Primrose Kobusingye says the sacrifices women make today are paving the way for tomorrow’s leaders, proving that resilience, mentorship, and courage can transform personal struggle into collective progress.
Primrose Kobusingye says the sacrifices women make today are paving the way for tomorrow’s leaders, proving that resilience, mentorship, and courage can transform personal struggle into collective progress.

Primrose Kobusingye

I was 26 years old when I took on the mantle of acting head of marketing.

Yes, 26. Armed with both a bachelor’s and a master’s degree, I was thrown into the deep end and only later shown where the shallow end was. That moment became a defining turning point in my life.

I clung to the opportunity as though my life depended on it. Maybe it did. Failure was simply not an option.

After more than a year in an acting capacity, I transitioned to another institution in a substantive role as head of marketing.

On the surface, my journey may look like one promotion after another. But beneath the titles was unseen labor, years of mental strain, battles with self-doubt, and countless sacrifices made while trying to find my footing in a world not always built for women like me.

What I experienced was not unique. It is woven into the fabric of Ugandan society. According to the World Economic Forum’s 2024 Global Gender Gap Index, Uganda ranks 83rd out of 146 countries overall, and 99th in economic participation and opportunity.

Women in Uganda earn 32.3% less than men on average per month. While men’s employment rate stands at 50%, women’s sits at 39%.

These are not abstract statistics. They are the headwinds many of us face every single day.

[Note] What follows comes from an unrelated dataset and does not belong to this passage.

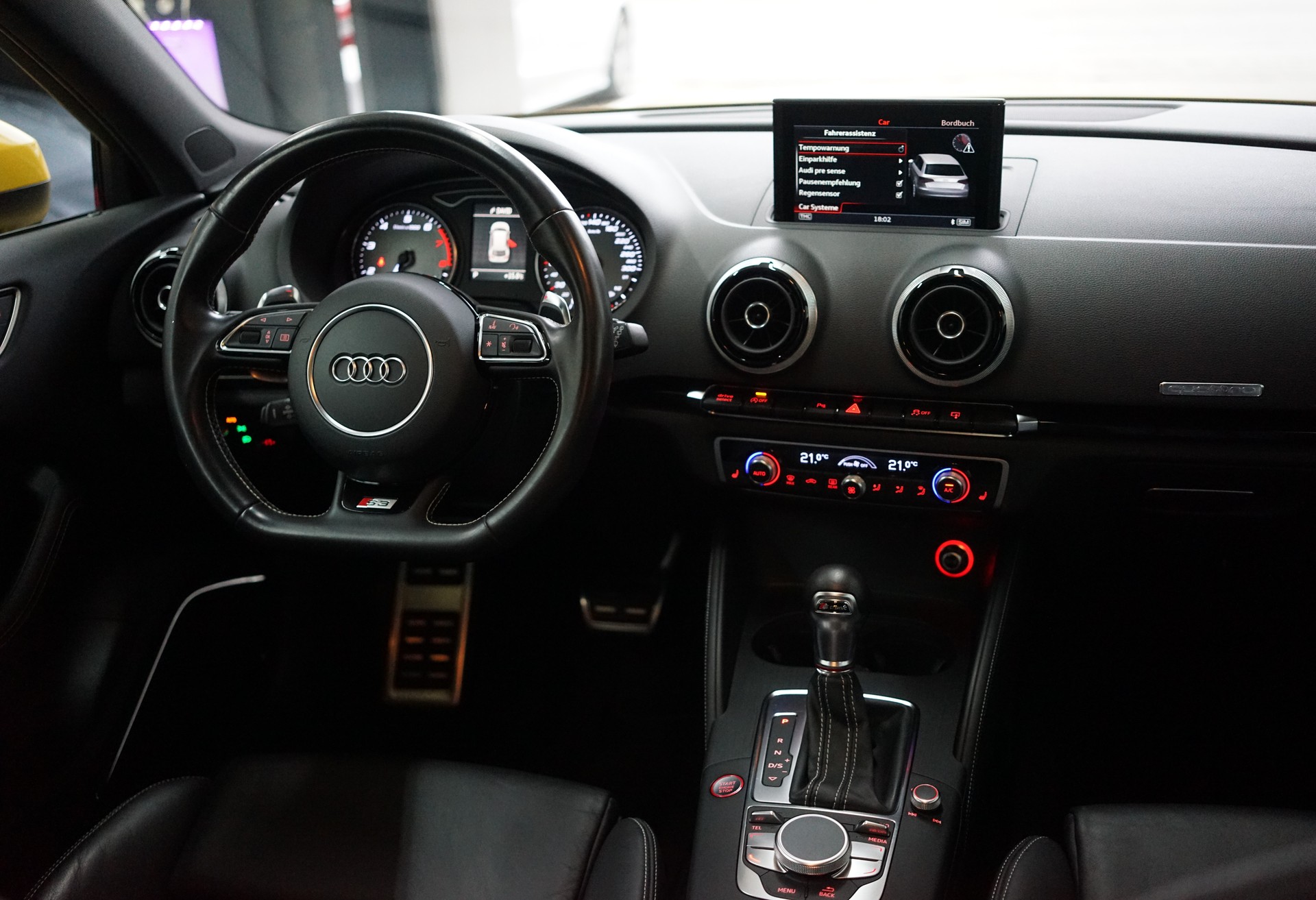 AUDI S3 Sportback 2.0 TFSI quattro S-tronic / O.CT S370 - 28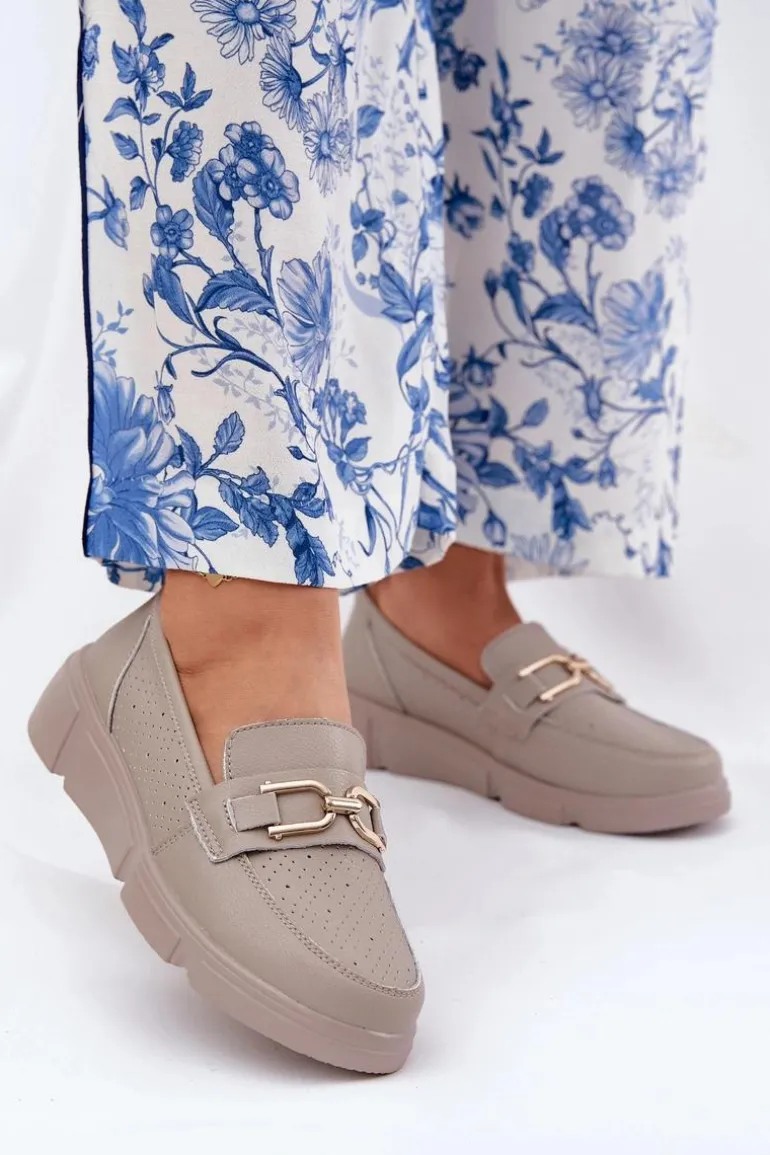 Mokasyny Damskie Skórzane Ze Złotym Detalem Vinceza 88007 Ciemnobeżowe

One of the hardest challenges I grappled with was the impossible choice society seemed to demand: career or home.

I have sat in interviews where questions about marriage came before discussions of my qualifications.

One interviewer once asked me, “If you cannot run a home, how can we trust you to run a department?” That question has never left me.

The boat was rocky. The wind blew fiercely. The waves shook me. But I did not collapse.

I chose to see every obstacle as an opportunity, an opportunity to clear a path for the young women who would come after me. Because formidable women did exactly that for me.

They shared their time. They mentored and coached me to be stronger than my toughest moments.

They showed me how to take my place at the table and own it. I think, especially of Patricia Karugaba, managing director of Nina Interiors, who to this day holds quarterly assessment sessions with me.

I am equally grateful to Goretti Massadde, Alice Karugaba, Christine Mawadri, and, more recently, Jane Kabugo. Thank you for being living proof that women lifting each other truly works.

Uganda has made meaningful strides. Women currently hold three of the country’s highest offices: vice president, prime minister, and speaker of Parliament.

Women make up 34% of Parliament, ranking Uganda 48th out of 187 countries globally. Uganda is also one of just seven countries worldwide to achieve gender parity in entrepreneurial activity, with women comprising 40% of all business owners.

Yet progress on paper must translate into daily lived reality. The 2024 Afrobarometer survey found that 42% of Ugandans still believe men should be given priority when jobs are scarce.

Structural change and cultural change must walk hand in hand.

This year’s International Women’s Day theme, Give to Gain, calls on all of us to share support, knowledge, and resources to accelerate progress toward gender equality.

Women’s support can only go so far without men choosing to push it further. When the gap is bridged, everyone benefits, and growth becomes exponential.

My call to every woman who has made it to the top: send back the ladder. Better yet, build a staircase as you climb, so the next woman finds the journey just a little easier than you did.